I read it on the official memo taped to my QM's desk.... straight from the top.


----------



## Sh0rtbUs (1 Jun 2004)

My unit requires you to have your DP1 completed before you are issued CADPAT, but this Sunday's D-Day March has helped me along. The entire 32 Brigade has been issued CADPAT early so we're all turned out the same for the march... I guess i just lucked out.


----------



## Northern Touch (1 Jun 2004)

My buddy who is in 32 brigade, 25th Service asked about people getting CADPAT at BMQ and was told that no one will be getting the old OD now, not even on basic, just straight to CADPAT.

I have no idea how it works on a unit to unit level though.
I dont really see a big difference with CADPAT and the old OD's.  A uniform is a uniform is it not?  It's not what you where, but what you do.


----------



## McInnes (2 Jun 2004)

Yes, that's true. However, people confusing you with cadets would get a bit annoying.


----------



## Ex-Dragoon (2 Jun 2004)

*I ask you how many people are going to snipe at you with IRScoped Rifles in the middle of the city?* 

And this is revelant to the parade how???


----------



## Da_man (2 Jun 2004)

It would be so much easier if they just gave you CADPAT once and for all.


----------



## Tuff_Little_Girl (2 Jun 2004)

When you first join the canadian army and you go for your basic whether it be reserve or regular forces everyone wheres the OD's then when you are done your basic for the regular for you get your cadpat when you get to battlion if you are reserve you get cadpat after your done your 6 weeks by then you have finished basic and SQ so you get cadpat when you get back to your unit where ever you are from.

hope this helps you 
MCPL Boucher


----------



## AlphaCharlie (2 Jun 2004)

Tuff_Little_Girl said:
			
		

> When you first join the canadian army and you go for your basic whether it be reserve or regular forces everyone wheres the OD's then when you are done your basic for the regular for you get your cadpat when you get to battlion if you are reserve you get cadpat after your done your 6 weeks by then you have finished basic and SQ so you get cadpat when you get back to your unit where ever you are from.
> 
> hope this helps you
> MCPL Boucher



That I know for a fact is wrong, because my BMQ was the last one in the country to be issued ODs. Everyone gets CadPat now.


----------



## willy (2 Jun 2004)

How would it be if people stopped making absolute, blanket statements like those made in the last two posts?  Such statements are wrong all too often, and they do nothing but confuse others.  I'm sure that at this point there are some BMQ courses that are all in CADPAT, and I'm equally sure that there are others that are all still in the old combats, particularly in some of the more remotely located reserve units.  Alpha Charlie, if you just finished BMQ, then sorry, but you don't know nearly enough about anything to make any sort of claim to know exactly what's going on at the national supply level.

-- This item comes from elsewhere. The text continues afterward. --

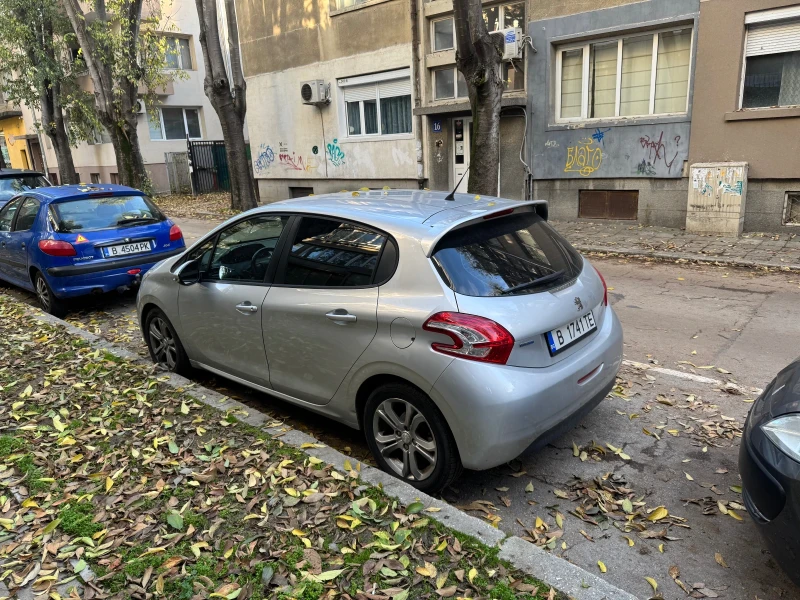 Peugeot 208 1.6 BlueHDI, снимка 2 - Автомобили и джипове - 52665913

I have not seen any CANLANDGEN or CANFORGEN about this issue.  Maybe there is a unit policy in some unit somewhere that dictates that June 1st is 100% CADPAT day, but don't confuse that with a message that actually is "straight from the top".


----------



## stukirkpatrick (2 Jun 2004)

Well, june 1st must have some significance, because it was passed down the chain that as of June 1st, people with their SQ course were entitled to CADPAT in the Thunder Bay Garrison (38 bg)

Ironically I got it the day before, because I came off an SQ final ex as the enemy force and needed clean clothing to change into  







Heeeelllllo Ladies  8)


----------



## Michael Dorosh (2 Jun 2004)

We were quite surprised to see some new recruits arrive at our unit in 41 CBG clad in CADPAT.  We do still have troops wearing the ODs, and I can't speak for what the supply routines are - but at least two new people here got their CADPAT.


----------



## Da_man (2 Jun 2004)

AlphaCharlie said:
			
		

> Tuff_Little_Girl said:
> 
> 
> 
> ...





Im going on basic july 5th, does that mean im getting Cadpat??


----------



## AlphaCharlie (2 Jun 2004)

Da_man said:
			
		

> Im going on basic july 5th, does that mean im getting Cadpat??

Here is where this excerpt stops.